Was it possible otters would happily settle in their new home and abandon the habits of centuries? And whom did this project benefit? Some said the oil companies, with a string of valuable offshore rigs nearby, wanted them moved for their own protection in the event of a spill. Some said the military, with a key base on the area, wanted them moved to prevent obstruction of vessels. It became clear that the weeks I’d set aside for research might not be sufficient to the task before I could begin writing. Little did I know at the time that the research would extend for three years, involve scores of interviews, and give me the chance to work both with the director of the sea otter rescue program at the Monterey Bay Aquarium as well as with the Department of Fish and wildlife who monitor the wild population.
And here’s something more I discovered about the otters’ “play” and how it fits like a perfect puzzle piece in the local ecology. A particular favorite in their diet is urchin. And here’s one of nature’s brilliant full-circle designs. Kelp forests form the home for sea otters and many other species along the coastlines. Urchins attach themselves to the holdfasts—the root system—of the kelp stipes, or branches. Unless the urchin are kept in check, they can destroy an entire kelp forest more quickly than one might think possible. Enter the sea otter, who plucks the urchin away from holdfasts for a tasty snack, thus saving its own and its fellow coastal dwellers’ home.

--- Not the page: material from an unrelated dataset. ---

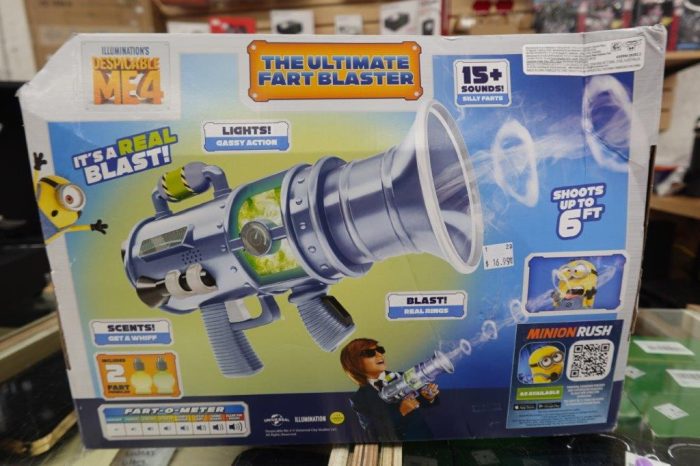 Despicable Me 4 The Ultimate Fart Blaster Toy Gun - Image 4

So here was this cute, inventive, self-sufficient creature who was an “index species”—that is, one whose presence was a key to the ecological well-being of its own region. I was liking these furry, sweet-faced critters even more than I thought I would.
There is, however, more than just cuteness and play where sea otters are concerned. They’re serious about capturing their food, and underwater footage shows how efficiently they can use their claws to dig out their prey. And when it comes to protecting their young, they can be every bit as vicious as any mammal in the wild. This side of their nature is made evident in my story (spoiler alert) so don’t be taken in by the adorable faces on the cover and read my novella to your child. This is not a children’s book, but a tale for adult readers.
So, yes, the word “play” is as deceptively simple and as richly complex for otters as it is for humans. You might say otters, with their obvious intelligence and cleverness, really know how to use their heads. But what will endear them to you when you read my story is how they reveal their hearts. When you visit Milford-Haven, I hope you’ll enjoy exploring our fellow coastal inhabitants, and find out how much is at stake . . . When Otters Play.